Could the lines from the top of the material to the line that contains "Clamdigger Cottage by" be retyped exactly, both included and pictures omitted?

### Data section

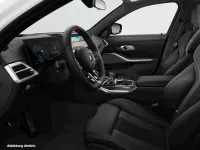 Gebraucht BMW M3 Competition Edition 530 PS (389 kW) 2026 Weiß Limousine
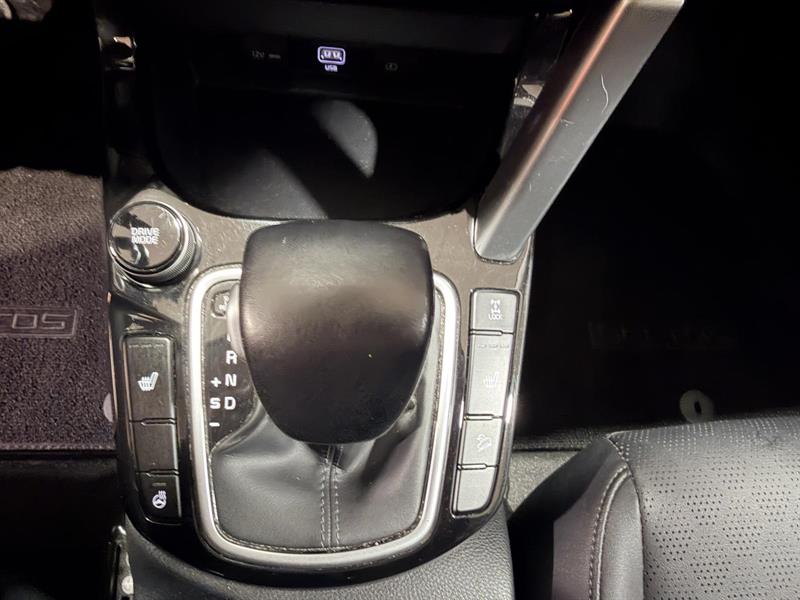kia Seltos 2023 - 24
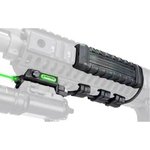 LASERMAX UNI-MAX GREEN RIFLE VALUE PAK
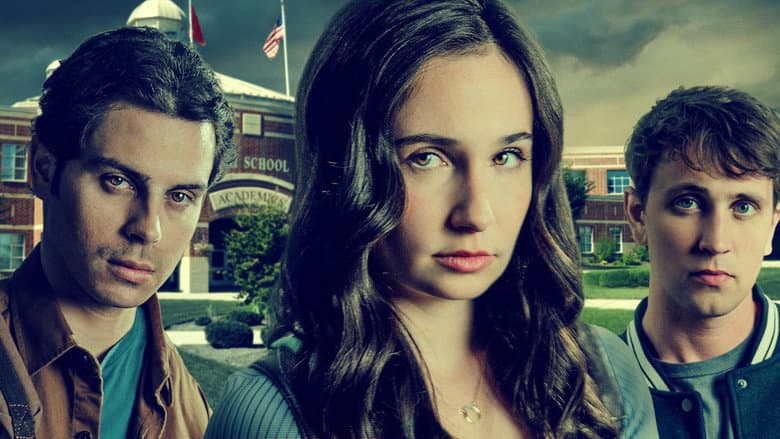 Backdrop from Killing for Extra Credit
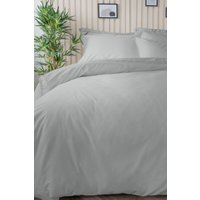 300 Thread Count Bamboo Duvet Cover King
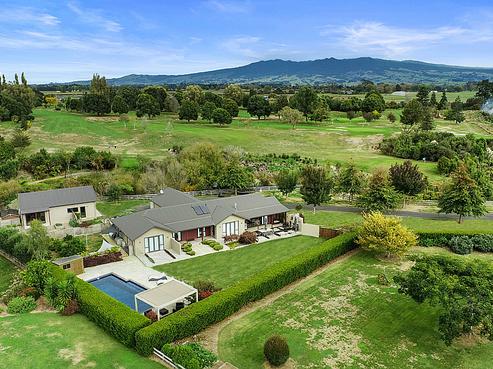 27 Duncan Road, Ngahinapouri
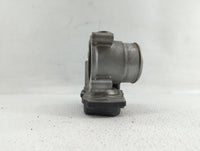 2005-2016 Audi A4 Throttle Body P/N:06F 133 062 G 06F 133 062 Q Fits OEM Used Auto Parts - Oemusedautoparts1.com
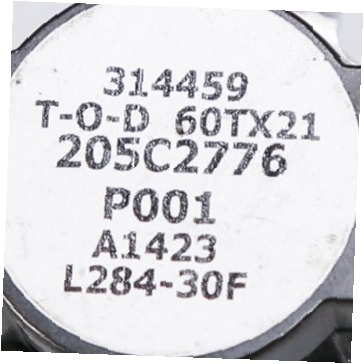 Interruptor de límite alto posterior WB24T10081 CKD1551597 CKD1551597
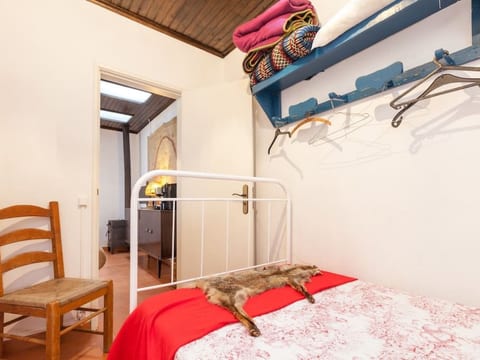Haus in einem Bauernhof zwischen Weinbergen 1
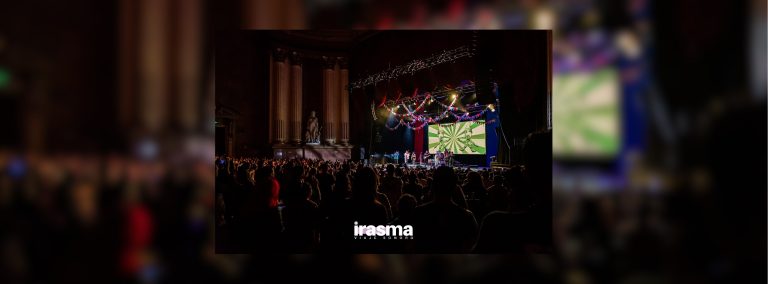 TRICICLO CIRCUS BAND, NARICES ROJAS QUE NO PARAN DE TOCAR 1 tcb 2025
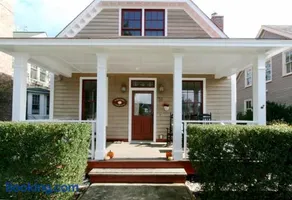 Clamdigger Cottage by Seabrook Hospitality - Image 3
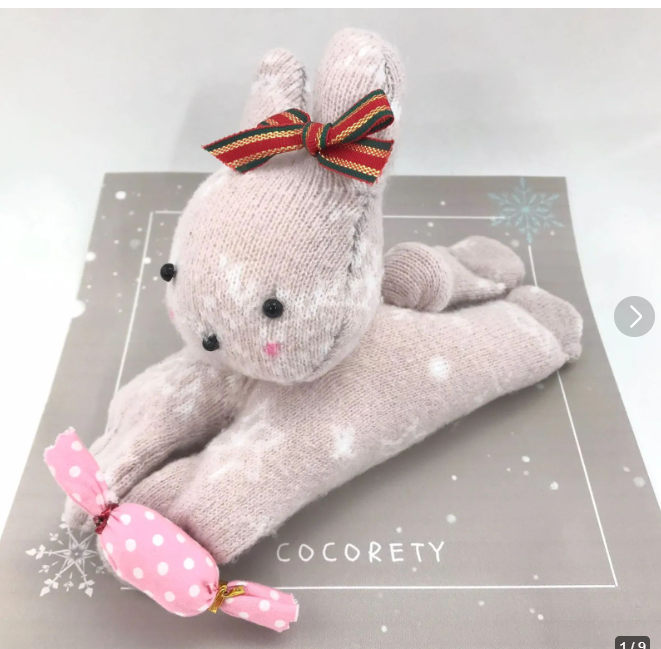 障がい者ブランド@ココリティ(サブ垢) tweet media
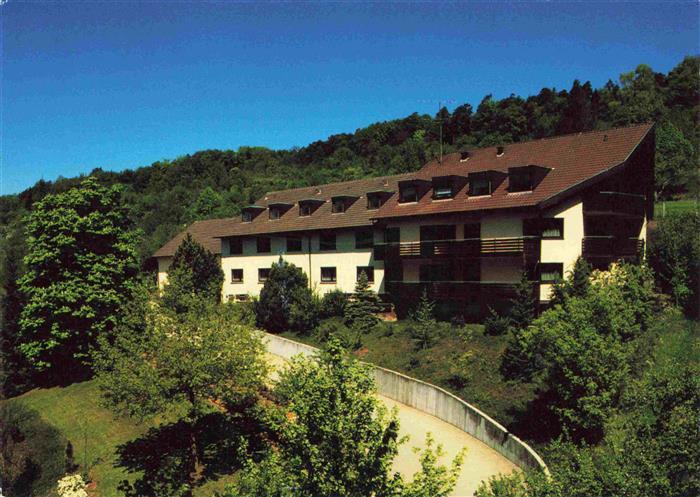 Schorndorf  Wuerttemberg Freizeitheim Aichenbach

######

__Answer below__:
 Gebraucht BMW M3 Competition Edition 530 PS (389 kW) 2026 Weiß Limousine
kia Seltos 2023 - 24
 LASERMAX UNI-MAX GREEN RIFLE VALUE PAK
 Backdrop from Killing for Extra Credit
 300 Thread Count Bamboo Duvet Cover King
 27 Duncan Road, Ngahinapouri
 2005-2016 Audi A4 Throttle Body P/N:06F 133 062 G 06F 133 062 Q Fits OEM Used Auto Parts - Oemusedautoparts1.com
 Interruptor de límite alto posterior WB24T10081 CKD1551597 CKD1551597
Haus in einem Bauernhof zwischen Weinbergen 1
 TRICICLO CIRCUS BAND, NARICES ROJAS QUE NO PARAN DE TOCAR 1 tcb 2025
 Clamdigger Cottage by Seabrook Hospitality - Image 3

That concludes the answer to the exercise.